Substreams modules data interaction diagram
The diagram shows how the transfer_map module extracts the transfers in a Block and tracks the total number of transfers.
Note: You can use multiple inputs in blockchains because they are clocked, which allows for synchronization between multiple execution streams and improved performance compared to conventional streaming engines.
As seen in the counters store example diagram, modules can also take in multiple inputs. In this case, two modules feed into a store, effectively tracking multiple counters.
Multiple module inputs diagram
Every time a new Block is processed, all of the modules are executed as a directed acyclic graph (DAG).
Note: The protocol's Block protobuf model always serves as the top-level data source and executes deterministically.

Single output

Modules have a single typed output, which is typed to inform consumers of the types of data to expect and how to interpret the bytes being sent.
Tip: In subsequent modules, input from one module's data output is used to form a chain of data flow from module to module.

map versus store modules

To develop most non-trivial Substreams, you will need to use multiple map and store modules.
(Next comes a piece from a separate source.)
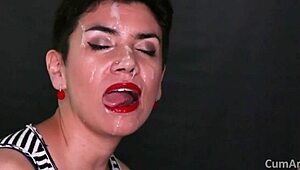 Горячая ночь аниме разворачивается с дикими дрочками и кончами на лицо после вечеринки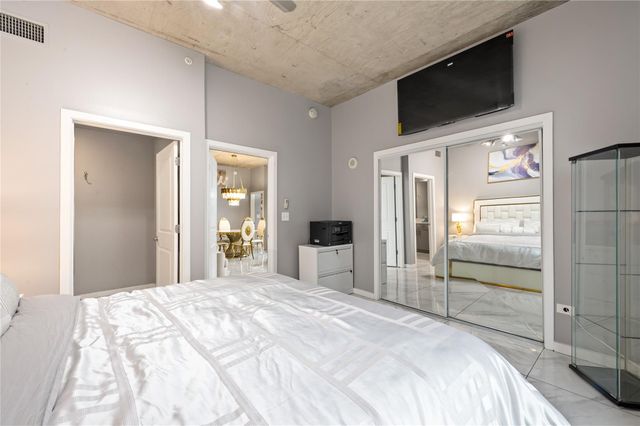 5925 Almeda Road 10902, Houston, TX 77004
The specific number, responsibilities, and communication methods for these modules will depend on the developer's specific goals for the Substreams development effort.
The two module types are commonly used together to construct the directed acyclic graph (DAG) outlined in the Substreams manifest. The two module types are very different in their use and how they work. Understanding these differences is vital for harnessing the full power of Substreams.

map modules

map modules are used for data extraction, filtering, and transformation. They should be used when direct extraction is needed avoiding the need to reuse them later in the DAG.
To optimize performance, you should use a single map module instead of multiple map modules to extract single events or functions. It is more efficient to perform the maximum amount of extraction in a single top-level map module and then pass the data to other Substreams modules for consumption. This is the recommended, simplest approach for both backend and consumer development experiences.
Functional map modules have several important use cases and facts to consider, including:
  • Extracting model data from an event or function's inputs.
  • Reading data from a block and transforming it into a custom protobuf structure.
  • Filtering out events or functions for any given number of contracts.

store modules

store modules are used for the aggregation of values and to persist state that temporarily exists across a block.
Important: Stores should not be used for temporary, free-form data persistence.
Unbounded store modules are discouraged. store modules shouldn't be used as an infinite bucket to dump data into.
Notable facts and use cases for working store modules include:
  • store modules should only be used when reading data from another downstream Substreams module.
  • store modules cannot be output as a stream, except in development mode.
  • store modules are used to implement the Dynamic Data Sources pattern from Subgraphs, keeping track of contracts created to filter the next block with that information.
  • Downstream of the Substreams output, do not use store modules to query anything from them. Instead, use a sink to shape the data for proper querying.